Besides this clear short-term impact, AI-DRIVE would enable also long-term implications with respect to the field of Automated Vehicles (AVs). In fact, AVs do not imply the end of road traffic accidents. Crashes will still occur, particularly during the long transitional period to full automation, if the relationship between the driver and the vehicle is not improved. In fact, autonomous vehicles able to drive in SAE 3 level are expected to shortly enter into the market: the characteristics of such a level (the driver should take the control when requested by the system) need different degrees of human attention in a single trip, according to the traffic/infrastructure/weather conditions. Let us consider for example that the mortal accident occurred while testing the Tesla AV has been demonstrated to be caused also by a human error: because of a loss of situational awareness, the test driver was not able to counteract to a wrong autopilot manoeuvre. For this transition to occur safely, it is imperative that drivers react in an appropriate and timely manner. It is therefore important that the car's system is able to know and monitor driver's fitness conditions, in order to assess his/her ability to correct car decisions or predict driving performance and eventually take proper countermeasures. These may range from audio signals, flashing visual cues adapted to catch the driver attention, up to a safe stop of the vehicle on the right border of the road in the worst cases. Starting with SAE-level 2, psychological constructs such as vigilance, fatigue, drowsiness, sleepiness and how they are interlinked with the overall driver state, play an important role for all efforts in improving road safety. In SAE-level 2, the driver needs to monitor the vehicle's guidance as well as the surrounding environment, whereby the automation requires the human to intervene immediately, if a system limit is met. However, basic psychological research indicates that these vigilance tasks are very stressful and accompanied with human failures. Laboratory experiments show that humans miss stimuli after about 15 minutes using standardized vigilance tasks. One possible explanation could be an increasing fatigue level, caused by monotonous tasks transmitting so called passive task-related fatigue. The AI-DRIVE technology could be easily integrated in the current and future Human Machine Interfaces (HMI) of semi-autonomous and autonomous vehicles and provide this relevant function.

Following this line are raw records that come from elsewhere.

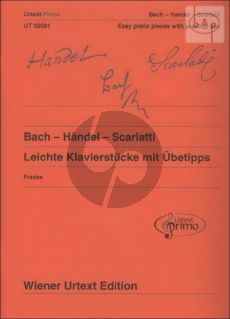 Leichte Klavierstucke mit Ubetipps von Bach-Handel und Scarlatti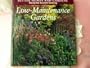Better Homes and Gardens Step-By-Step Successful Gardening: Low-Maintenance Gardens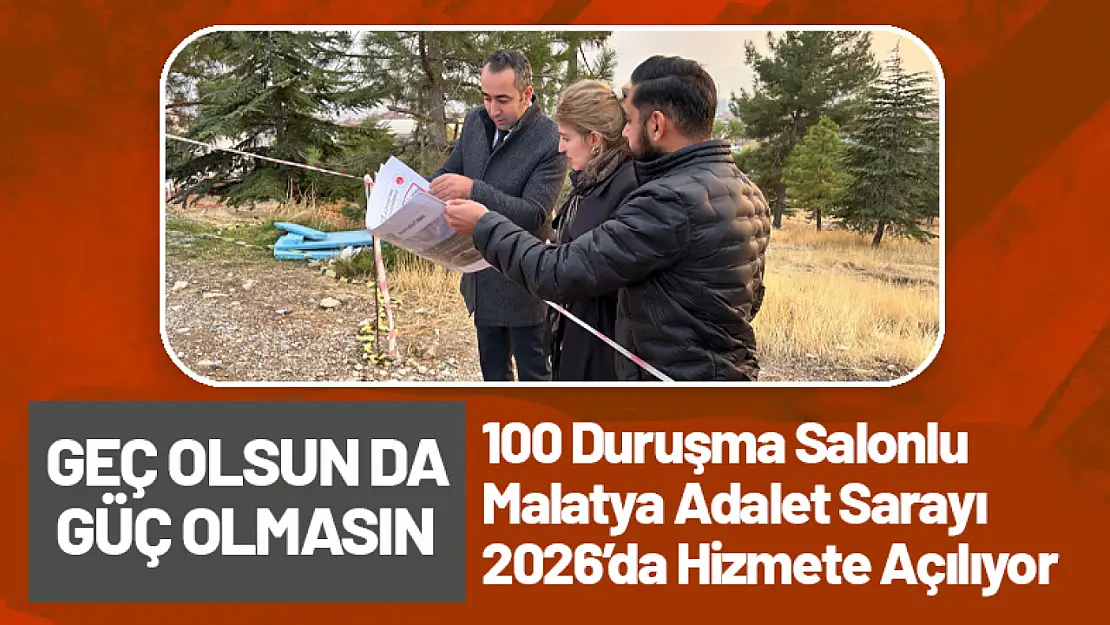 100 Duruşma Salonlu Malatya Adalet Sarayı 2026'da Hizmete Açılıyor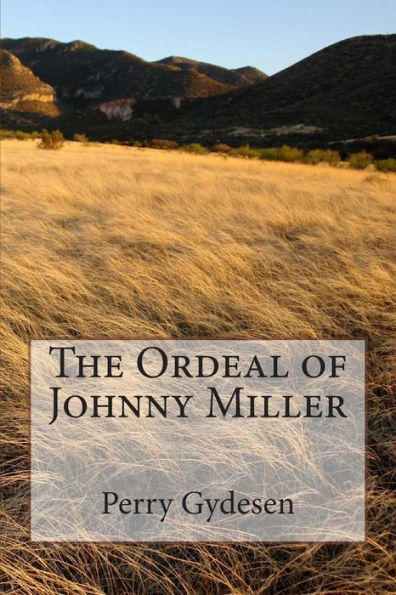 The Ordeal of Johnny Miller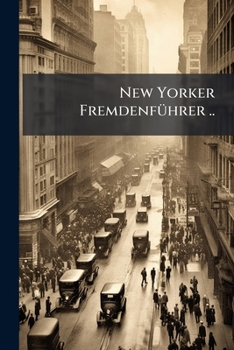 New Yorker Fremdenfuhrer ..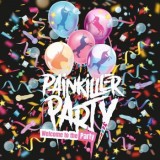 Painkiller Party - Welcome To The Party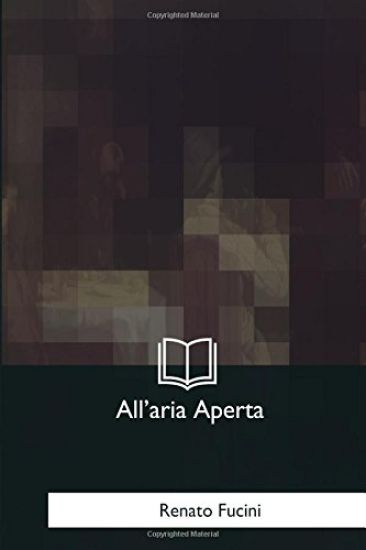 All'aria Aperta: Scene E Macchiette Della Campagna Toscana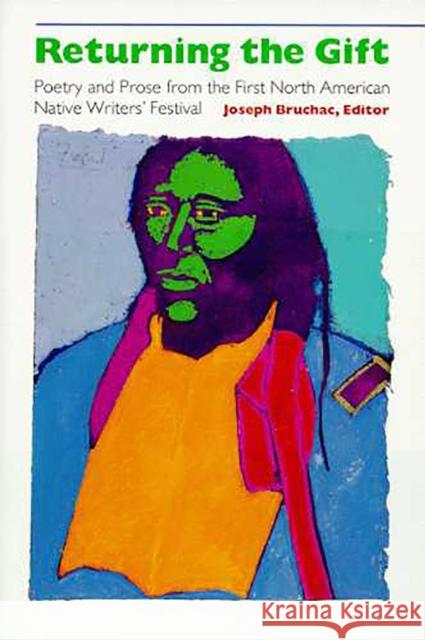 Returning the Gift: Poetry and Prose from the First North American Native Writers' Festival Volume 29 Bruchac, Joseph 9780816514861 University of Arizona Press - książka
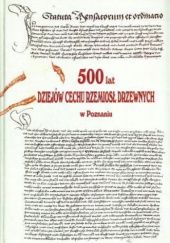 Okładka książki 500 lat dziejów Cechu Rzemiosł Drzewnych w Poznaniu praca zbiorowa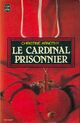  Achetez le livre d'occasion Le cardinal prisonnier de Christine Arnothy sur Livrenpoche.com 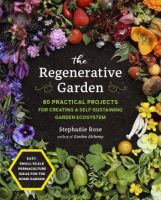 The_regenerative_garden__80_practical_projects_for_creating_a_self-sustaining_garden_ecosystem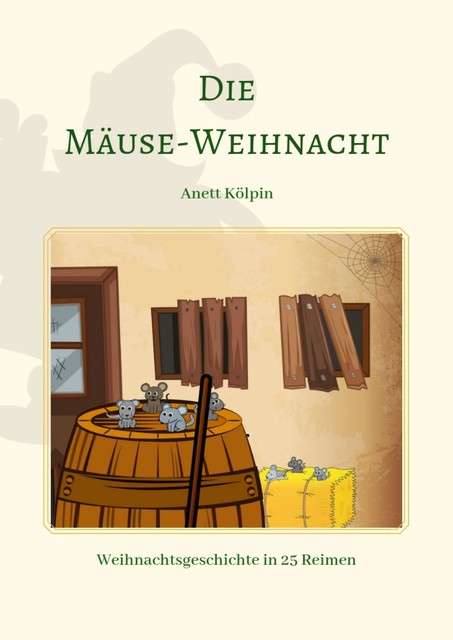 Mäuse-Weihnacht, Anett Kölpin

Lastly, the possibility of monitoring driver's fitness, including his/her cognitive and perceptive abilities, while driving would produce relevant benefit for the whole automotive industry in the design phase: the recent disciplines of Neuroergonomics and the concept of Human-Centered Design will allow industry to design car interiors and instrumentation actually able to improve drivers' cognitive performance (e.g. devices easy-to-use, alarms in the optimal position to catch drivers' attention, lights colour and sounds not inducing stress, etc.).